The probability that exactly k successes are obtained in n trials of a binomial random variable is:
P\left(X=k\right)=\begin{pmatrix} n \cr\cr k \end{pmatrix}\cdot p^{k}\cdot\left(1-p\right)^{n-k}=\dfrac{n!}{k!\cdot\left(n-k\right)!}\cdot p^{k}\cdot\left(1-p\right)^{n-k}
In our problem, X follows \mathcal{B}\left(4{,}0.3\right) . Therefore:
P\left(X=1\right)=\begin{pmatrix} 4 \cr\cr 1 \end{pmatrix}\cdot \left(0.3\right)^{1}\cdot\left(1-0.3\right)^{3}
P\left(X=1\right)=\dfrac{4!}{1!\cdot3!}\cdot\left(0.3\right)^{1}\cdot\left(0.7\right)^{3}
P\left(X=1\right)=4\cdot\dfrac{3}{10}\cdot\dfrac{7}{10}\cdot\dfrac{7}{10}\cdot\dfrac{7}{10}=\dfrac{1\ 029}{2\ 500}
P\left(X=1\right)=\dfrac{1\ 029}{2\ 500}
X follows \mathcal{B}\left(5{,}0.4\right). Determine P\left(X=3\right).
The random variable X is the count of the number of successes in the n trials.
The probability that exactly k successes are obtained in n trials of a binomial random variable is:
P\left(X=k\right)=\begin{pmatrix} n \cr\cr k \end{pmatrix}\cdot p^{k}\cdot\left(1-p\right)^{n-k}=\dfrac{n!}{k!\cdot\left(n-k\right)!}\cdot p^{k}\cdot\left(1-p\right)^{n-k}
In our problem, X follows \mathcal{B}\left(5{,}0.4\right) . Therefore:
P\left(X=3\right)=\begin{pmatrix} 5 \cr\cr 3 \end{pmatrix}\cdot \left(0.4\right)^{3}\cdot\left(1-0.4\right)^{2}
P\left(X=3\right)=\dfrac{5!}{3!\cdot2!}\cdot\left(0.4\right)^{3}\cdot\left(0.6\right)^{2}
P\left(X=3\right)=10\cdot\dfrac{2}{5}\cdot\dfrac{2}{5}\cdot\dfrac{2}{5}\cdot\dfrac{3}{5}\cdot\dfrac{3}{5}=\dfrac{144}{625}
P\left(X=3\right)=\dfrac{144}{625}
X follows \mathcal{B}\left(4{,}0.1\right). Determine P\left(X=2\right).
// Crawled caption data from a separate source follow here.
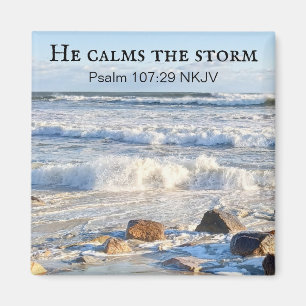Foto van Stormy Zee Hij calms de Bijbelverse van h Magneet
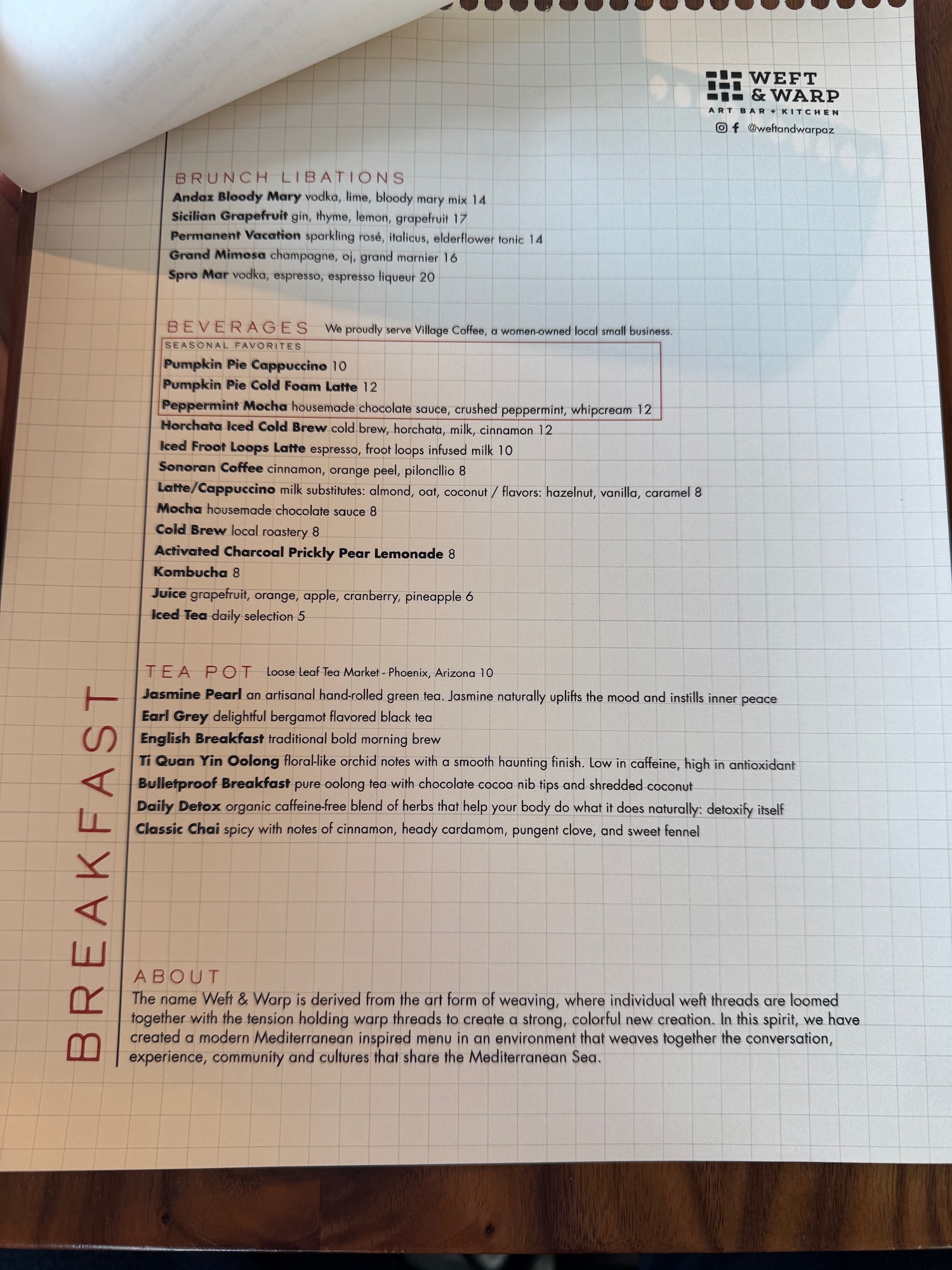 a menu on a paper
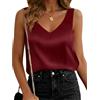 Cicy Bell Canotta da donna in raso con scollo a V, senza maniche, estiva, in chiffon, casual, rosso vivo, L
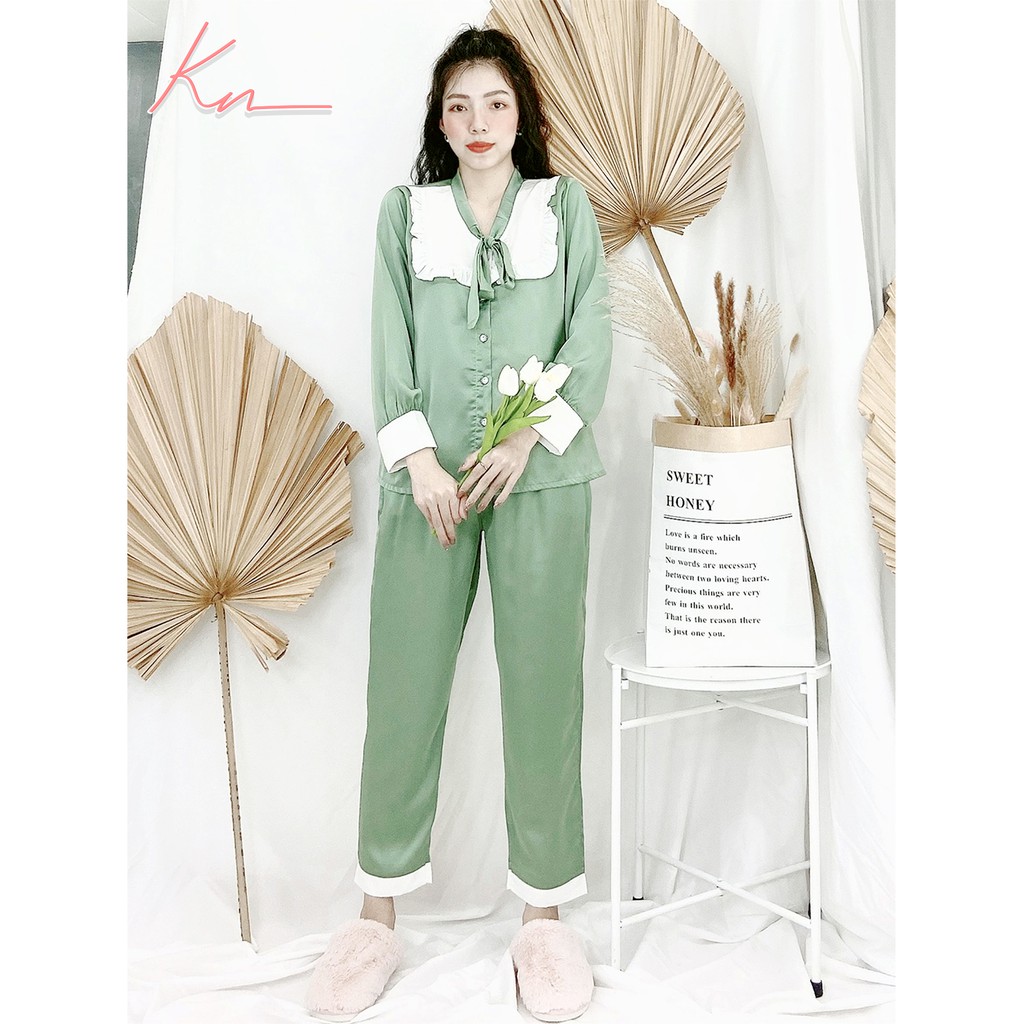 Pijama lụa satin tay dài quần dài, Đồ ngủ nữ lụa cao cấp mát mịn không nhăn ẢNH THẬT CỦA SHOP - Kn Store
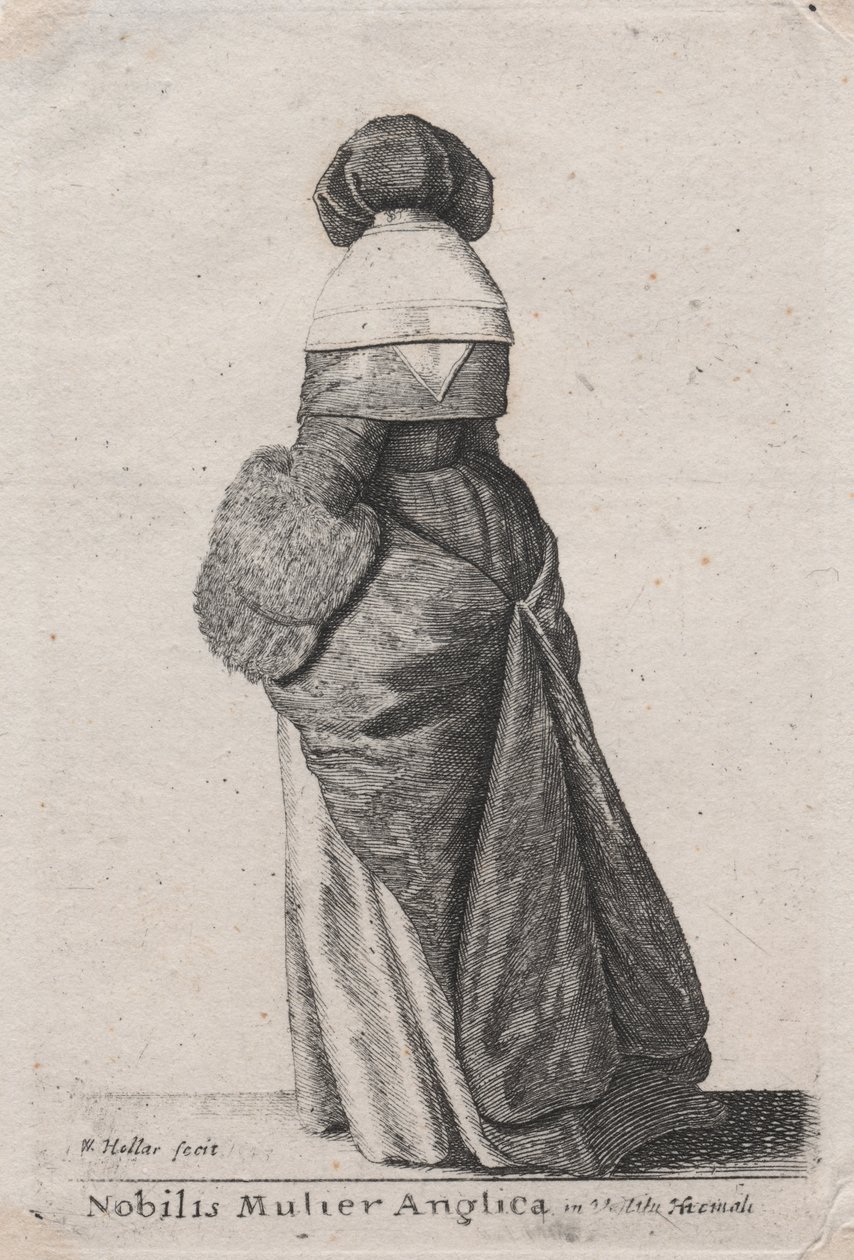 Nobilis Mulier Anglica in Vestitu Hiemali, 1643 von Wenceslaus Hollar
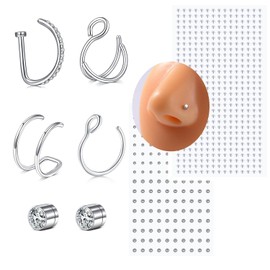 VFUN Fake Nose Rings Fake Eyebrow Piercing Fake Lip Labret Studs Stick On Fake Nose Stud Fake Facial Piercing Face Jewelry Non Piercing Fake Skin Piercing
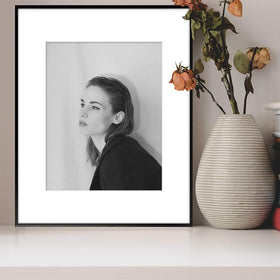 Golden State Art 16x20 frame front view in minimalist black aluminum.
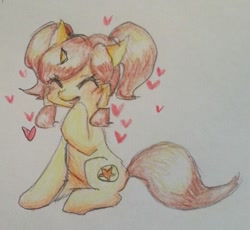 Size: 519x477 | Tagged: safe, artist:shusu, derpibooru import, oc, oc only, pony, unicorn, happy, heart, sketch, smiling, solo, traditional art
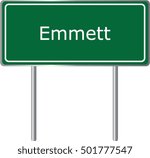 Emmett , Idaho , road sign green vector illustration, road table, USA city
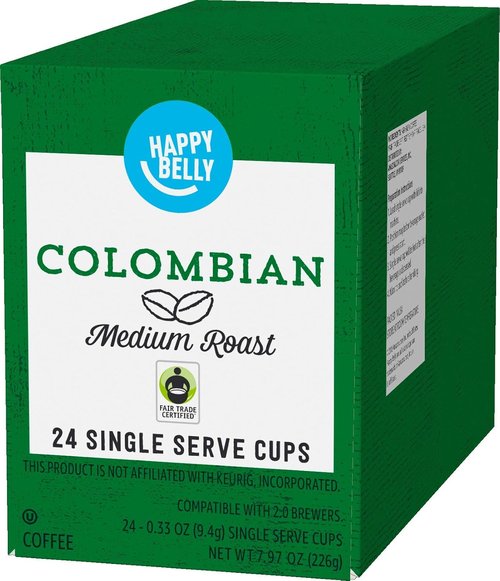 Happy Belly Medium Roast Coffee Pods - Colombian Flavor | Keurig Compatible | 48 Count Total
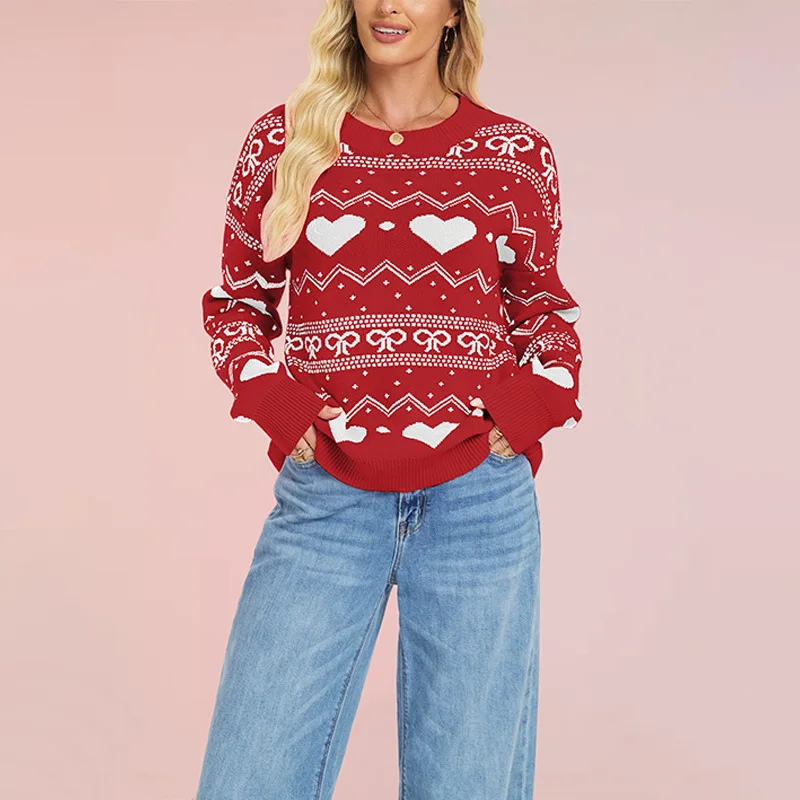 

Fall Winter Women's Valentine's Day Knit Sweater Quality Round Neck Heart Print Long Sleeve Knitwear Casual Pullover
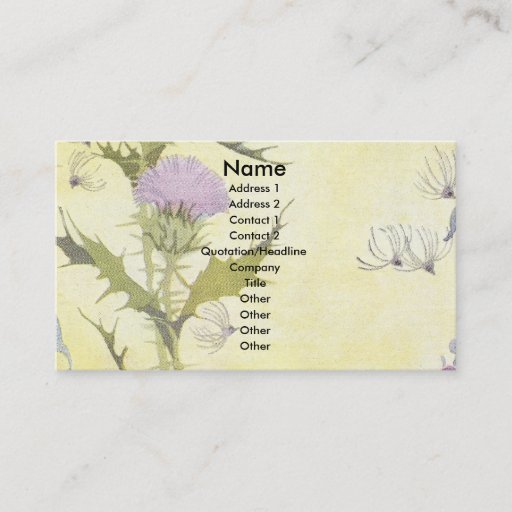 Customizable Purple Thistle Business Card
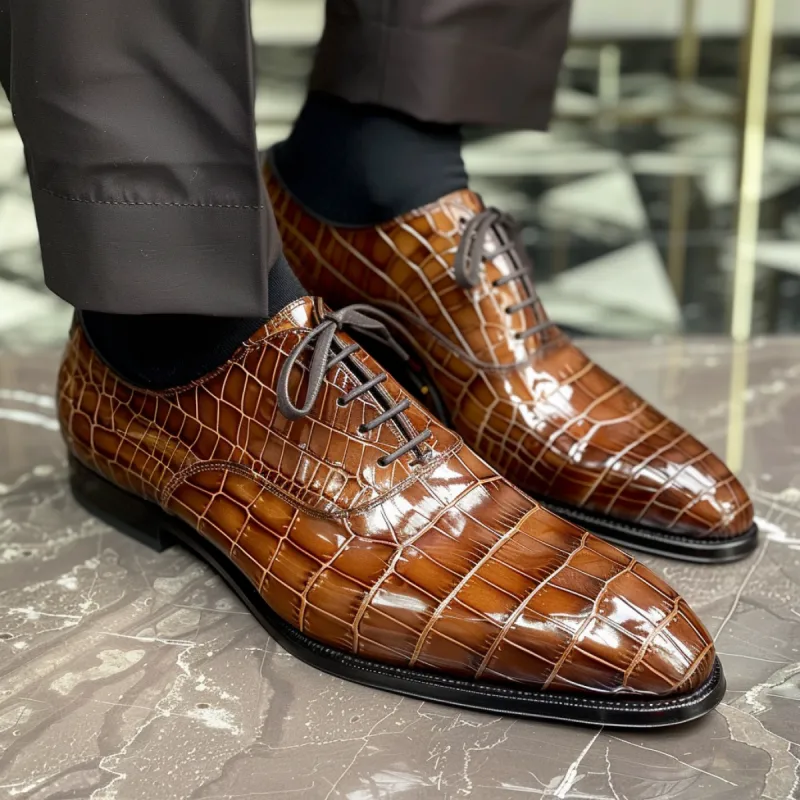 Licio Brown Leather Croc Print Oxford sold by Costoso Italiano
The random variable X is the count of the number of successes in the n trials.
The probability that exactly k successes are obtained in n trials of a binomial random variable is:
P\left(X=k\right)=\begin{pmatrix} n \cr\cr k \end{pmatrix}\cdot p^{k}\cdot\left(1-p\right)^{n-k}=\dfrac{n!}{k!\cdot\left(n-k\right)!}\cdot p^{k}\cdot\left(1-p\right)^{n-k}
In our problem, X follows \mathcal{B}\left(4{,}0.1\right) . Therefore:
P\left(X=2\right)=\begin{pmatrix} 4 \cr\cr2 \end{pmatrix}\cdot \left(0.1\right)^{2}\cdot\left(1-0.1\right)^{2}
P\left(X=2\right)=\dfrac{4!}{2!\cdot2!}\cdot\left(0.1\right)^{2}\cdot\left(0.9\right)^{2}
P\left(X=2\right)=6\cdot\dfrac{1}{10}\cdot\dfrac{9}{10}\cdot\dfrac{9}{10}=\dfrac{243}{5\ 000}
P\left(X=2\right)=\dfrac{243}{5\ 000}
X follows \mathcal{B}\left(6{,}0.5\right). Determine P\left(X=4\right).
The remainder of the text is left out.